(Beginning of DATA TO USE)

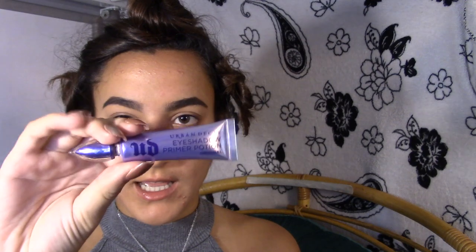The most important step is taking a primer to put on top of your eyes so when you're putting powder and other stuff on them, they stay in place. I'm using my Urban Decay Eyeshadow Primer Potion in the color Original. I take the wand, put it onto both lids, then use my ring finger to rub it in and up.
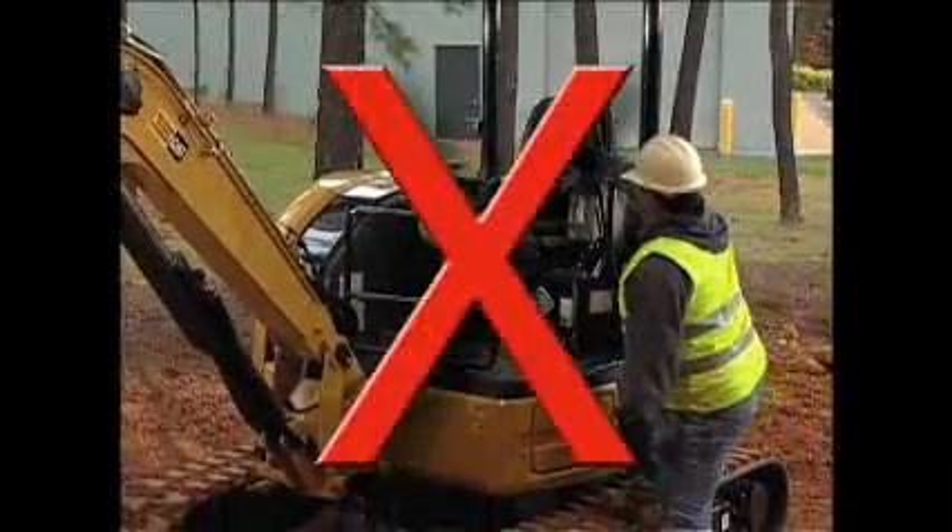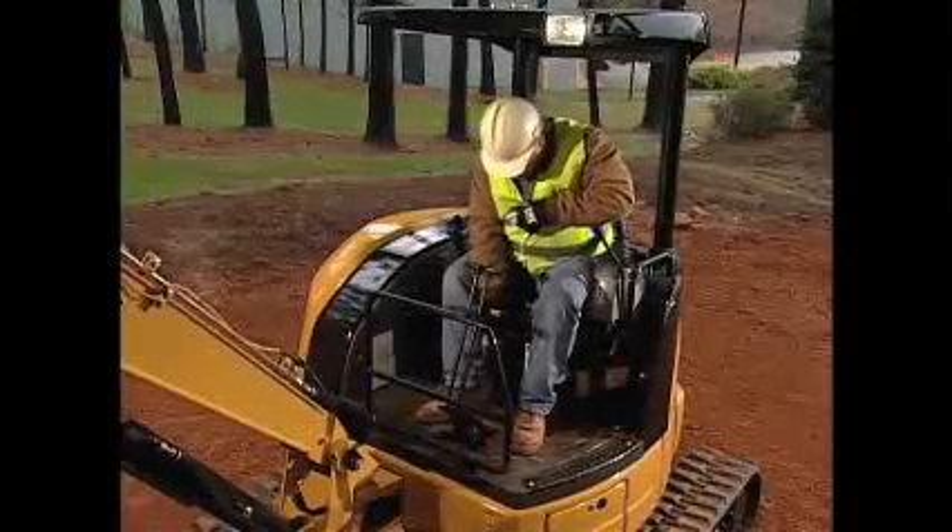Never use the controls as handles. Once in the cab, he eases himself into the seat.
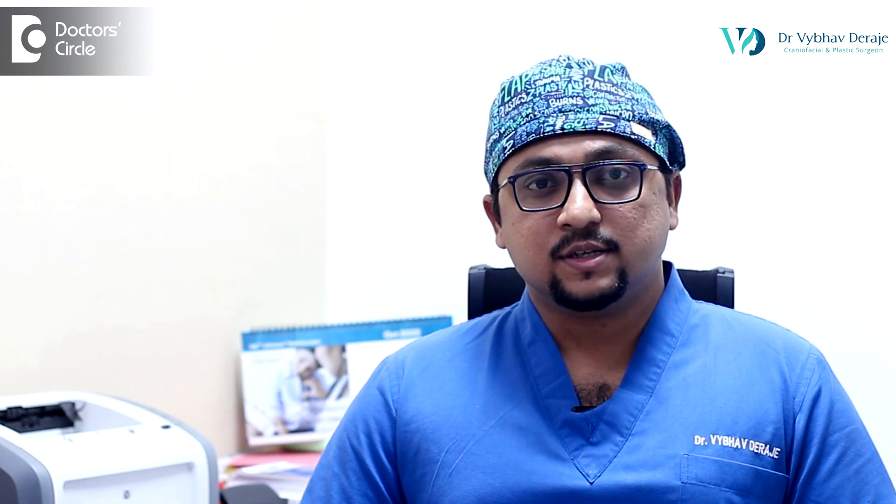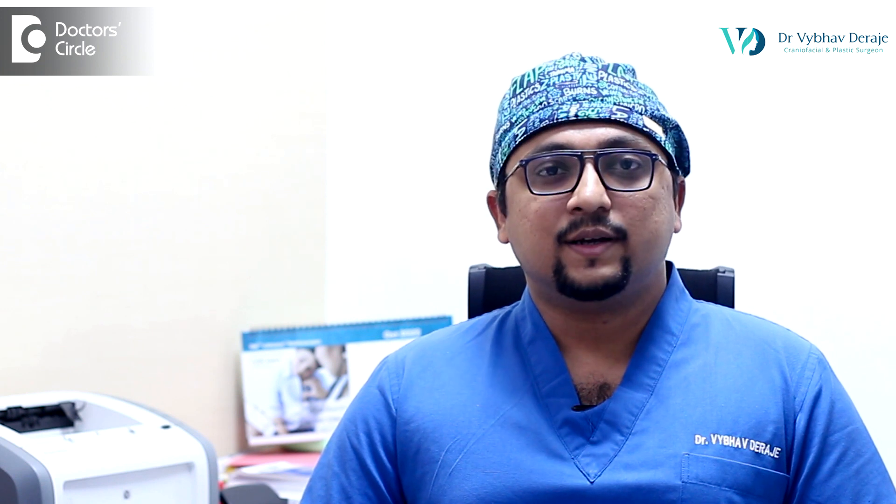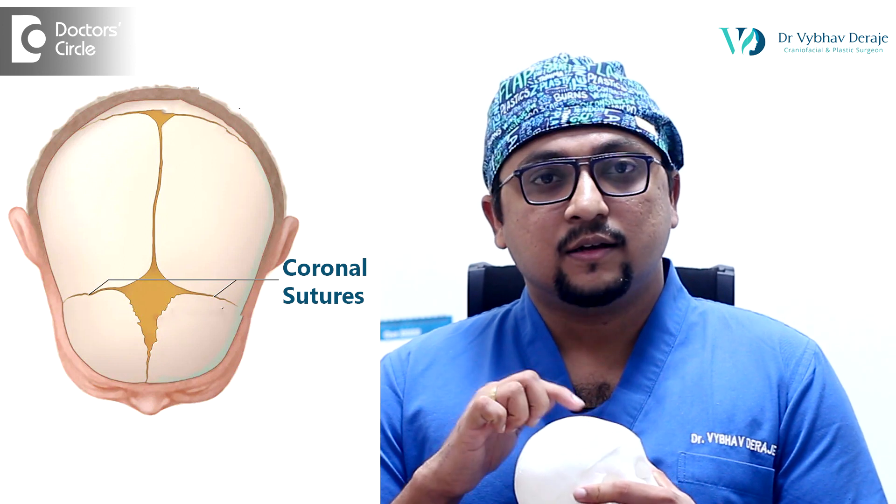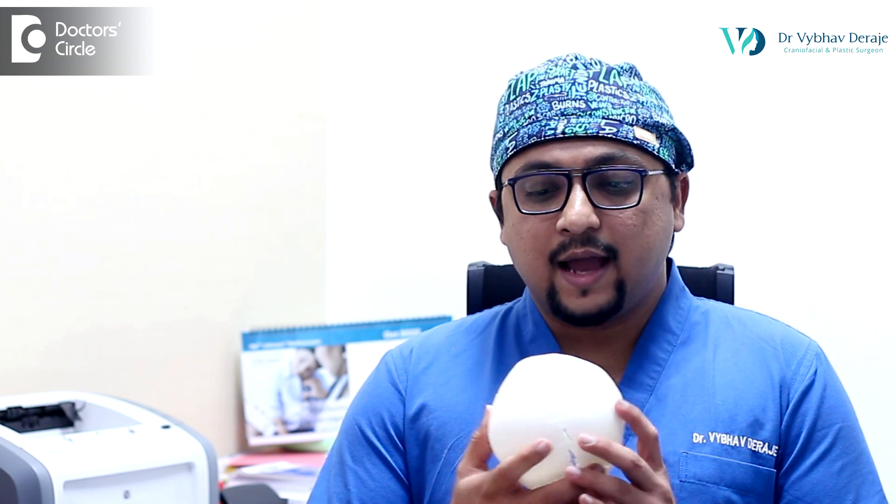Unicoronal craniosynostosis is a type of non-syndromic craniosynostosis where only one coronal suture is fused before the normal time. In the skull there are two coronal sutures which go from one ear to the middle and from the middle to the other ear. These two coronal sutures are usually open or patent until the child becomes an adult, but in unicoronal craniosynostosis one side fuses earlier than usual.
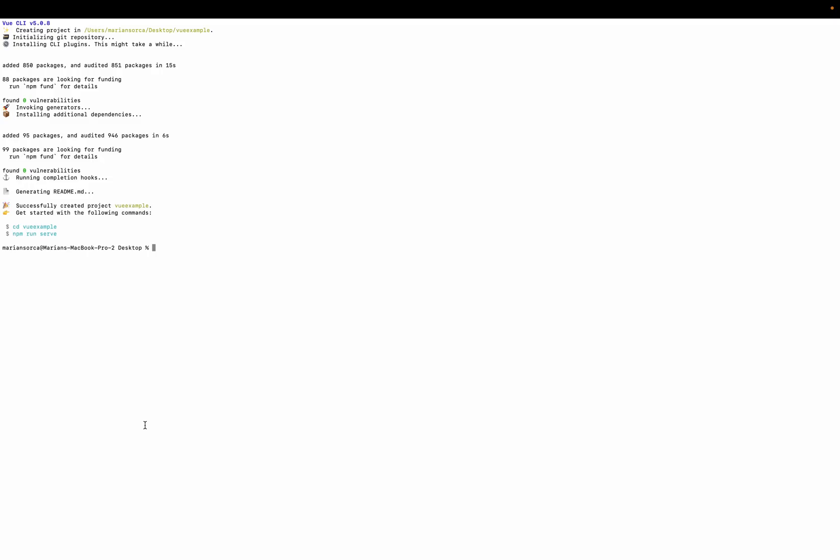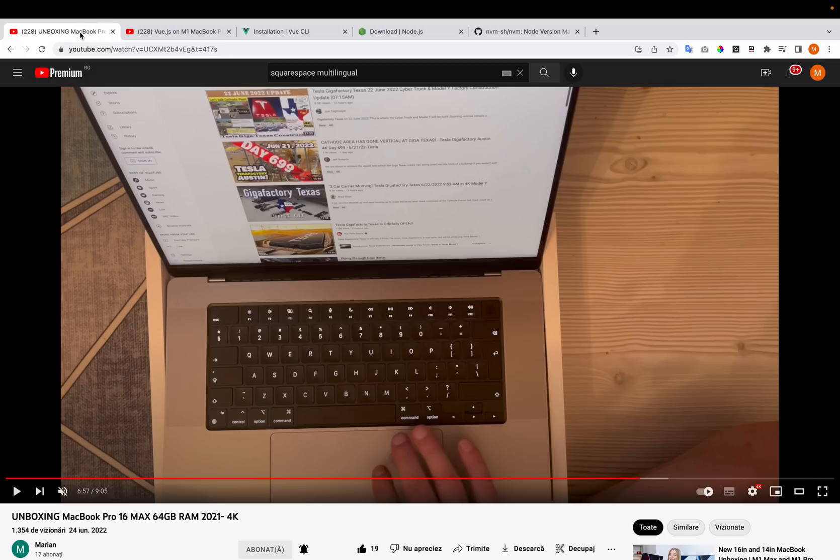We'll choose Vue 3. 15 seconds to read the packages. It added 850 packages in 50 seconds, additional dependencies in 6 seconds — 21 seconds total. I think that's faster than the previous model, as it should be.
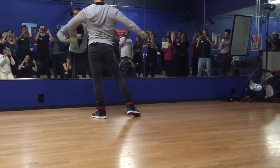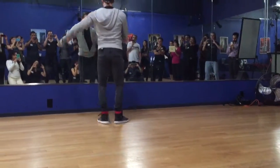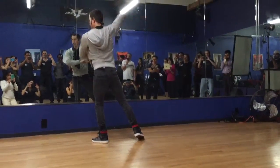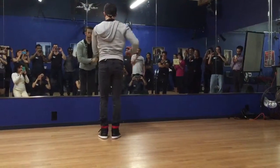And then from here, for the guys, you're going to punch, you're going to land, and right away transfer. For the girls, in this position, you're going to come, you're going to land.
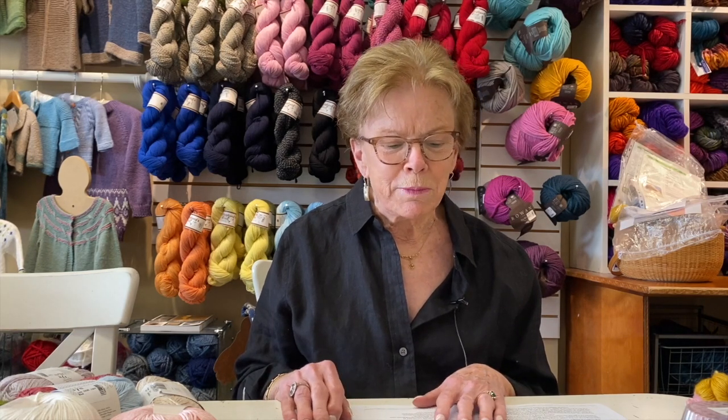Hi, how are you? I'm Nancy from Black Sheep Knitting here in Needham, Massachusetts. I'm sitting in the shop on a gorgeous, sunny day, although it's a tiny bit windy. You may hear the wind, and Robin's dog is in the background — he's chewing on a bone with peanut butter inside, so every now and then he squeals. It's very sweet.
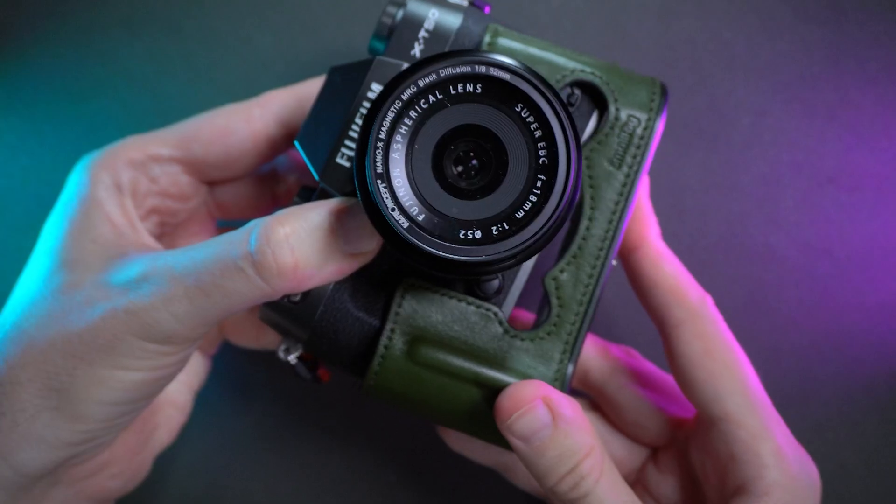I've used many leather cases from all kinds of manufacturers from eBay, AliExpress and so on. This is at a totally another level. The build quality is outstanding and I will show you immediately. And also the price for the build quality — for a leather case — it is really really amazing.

(End of DATA TO USE)

- WHAT IS BEING ASKED
Each entry above should be written out again exactly, without its pictures.

- OUTPUT FOR THIS EXERCISE
The most important step is taking a primer to put on top of your eyes so when you're putting powder and other stuff on them, they stay in place. I'm using my Urban Decay Eyeshadow Primer Potion in the color Original. I take the wand, put it onto both lids, then use my ring finger to rub it in and up.
Never use the controls as handles. Once in the cab, he eases himself into the seat.
Unicoronal craniosynostosis is a type of non-syndromic craniosynostosis where only one coronal suture is fused before the normal time. In the skull there are two coronal sutures which go from one ear to the middle and from the middle to the other ear. These two coronal sutures are usually open or patent until the child becomes an adult, but in unicoronal craniosynostosis one side fuses earlier than usual.
We'll choose Vue 3. 15 seconds to read the packages. It added 850 packages in 50 seconds, additional dependencies in 6 seconds — 21 seconds total. I think that's faster than the previous model, as it should be.
And then from here, for the guys, you're going to punch, you're going to land, and right away transfer. For the girls, in this position, you're going to come, you're going to land.
Hi, how are you? I'm Nancy from Black Sheep Knitting here in Needham, Massachusetts. I'm sitting in the shop on a gorgeous, sunny day, although it's a tiny bit windy. You may hear the wind, and Robin's dog is in the background — he's chewing on a bone with peanut butter inside, so every now and then he squeals. It's very sweet.
I've used many leather cases from all kinds of manufacturers from eBay, AliExpress and so on. This is at a totally another level. The build quality is outstanding and I will show you immediately. And also the price for the build quality — for a leather case — it is really really amazing.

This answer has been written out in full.